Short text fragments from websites
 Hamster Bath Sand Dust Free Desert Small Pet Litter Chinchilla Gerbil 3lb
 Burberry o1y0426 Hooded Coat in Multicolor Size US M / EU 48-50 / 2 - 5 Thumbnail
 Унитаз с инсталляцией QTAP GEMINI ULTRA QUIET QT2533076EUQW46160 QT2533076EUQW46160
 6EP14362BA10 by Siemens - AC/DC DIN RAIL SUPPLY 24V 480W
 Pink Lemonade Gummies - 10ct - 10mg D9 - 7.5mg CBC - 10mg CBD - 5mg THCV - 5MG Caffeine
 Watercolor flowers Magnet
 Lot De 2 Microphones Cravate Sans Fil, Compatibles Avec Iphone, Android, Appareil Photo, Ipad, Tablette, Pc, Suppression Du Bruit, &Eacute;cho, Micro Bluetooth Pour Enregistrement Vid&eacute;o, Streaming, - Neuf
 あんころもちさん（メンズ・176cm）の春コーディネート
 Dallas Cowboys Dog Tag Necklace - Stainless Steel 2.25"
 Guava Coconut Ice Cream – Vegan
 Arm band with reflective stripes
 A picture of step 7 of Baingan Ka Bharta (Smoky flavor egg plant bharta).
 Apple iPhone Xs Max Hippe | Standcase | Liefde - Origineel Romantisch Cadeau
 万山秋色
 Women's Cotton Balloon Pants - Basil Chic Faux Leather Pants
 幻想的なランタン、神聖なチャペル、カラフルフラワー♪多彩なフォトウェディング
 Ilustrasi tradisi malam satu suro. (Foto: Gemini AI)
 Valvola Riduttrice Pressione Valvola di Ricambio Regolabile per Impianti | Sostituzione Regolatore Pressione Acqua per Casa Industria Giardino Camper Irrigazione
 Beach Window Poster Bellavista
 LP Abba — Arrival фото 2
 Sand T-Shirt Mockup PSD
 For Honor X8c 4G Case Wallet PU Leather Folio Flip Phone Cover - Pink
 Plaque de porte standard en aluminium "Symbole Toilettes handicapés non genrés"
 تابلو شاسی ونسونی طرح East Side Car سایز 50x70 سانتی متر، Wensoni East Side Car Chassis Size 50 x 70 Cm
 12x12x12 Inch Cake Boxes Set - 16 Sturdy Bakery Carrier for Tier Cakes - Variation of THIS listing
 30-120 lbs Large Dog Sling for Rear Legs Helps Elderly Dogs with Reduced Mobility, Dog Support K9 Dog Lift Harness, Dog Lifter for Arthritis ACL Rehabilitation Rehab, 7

| TASK GOAL |
Repeat each record word for word. Do not leave any out.

| TASK RESULT |
 Hamster Bath Sand Dust Free Desert Small Pet Litter Chinchilla Gerbil 3lb
 Burberry o1y0426 Hooded Coat in Multicolor Size US M / EU 48-50 / 2 - 5 Thumbnail
 Унитаз с инсталляцией QTAP GEMINI ULTRA QUIET QT2533076EUQW46160 QT2533076EUQW46160
 6EP14362BA10 by Siemens - AC/DC DIN RAIL SUPPLY 24V 480W
 Pink Lemonade Gummies - 10ct - 10mg D9 - 7.5mg CBC - 10mg CBD - 5mg THCV - 5MG Caffeine
 Watercolor flowers Magnet
 Lot De 2 Microphones Cravate Sans Fil, Compatibles Avec Iphone, Android, Appareil Photo, Ipad, Tablette, Pc, Suppression Du Bruit, &Eacute;cho, Micro Bluetooth Pour Enregistrement Vid&eacute;o, Streaming, - Neuf
 あんころもちさん（メンズ・176cm）の春コーディネート
 Dallas Cowboys Dog Tag Necklace - Stainless Steel 2.25"
 Guava Coconut Ice Cream – Vegan
 Arm band with reflective stripes
 A picture of step 7 of Baingan Ka Bharta (Smoky flavor egg plant bharta).
 Apple iPhone Xs Max Hippe | Standcase | Liefde - Origineel Romantisch Cadeau
 万山秋色
 Women's Cotton Balloon Pants - Basil Chic Faux Leather Pants
 幻想的なランタン、神聖なチャペル、カラフルフラワー♪多彩なフォトウェディング
 Ilustrasi tradisi malam satu suro. (Foto: Gemini AI)
 Valvola Riduttrice Pressione Valvola di Ricambio Regolabile per Impianti | Sostituzione Regolatore Pressione Acqua per Casa Industria Giardino Camper Irrigazione
 Beach Window Poster Bellavista
 LP Abba — Arrival фото 2
 Sand T-Shirt Mockup PSD
 For Honor X8c 4G Case Wallet PU Leather Folio Flip Phone Cover - Pink
 Plaque de porte standard en aluminium "Symbole Toilettes handicapés non genrés"
 تابلو شاسی ونسونی طرح East Side Car سایز 50x70 سانتی متر، Wensoni East Side Car Chassis Size 50 x 70 Cm
 12x12x12 Inch Cake Boxes Set - 16 Sturdy Bakery Carrier for Tier Cakes - Variation of THIS listing
 30-120 lbs Large Dog Sling for Rear Legs Helps Elderly Dogs with Reduced Mobility, Dog Support K9 Dog Lift Harness, Dog Lifter for Arthritis ACL Rehabilitation Rehab, 7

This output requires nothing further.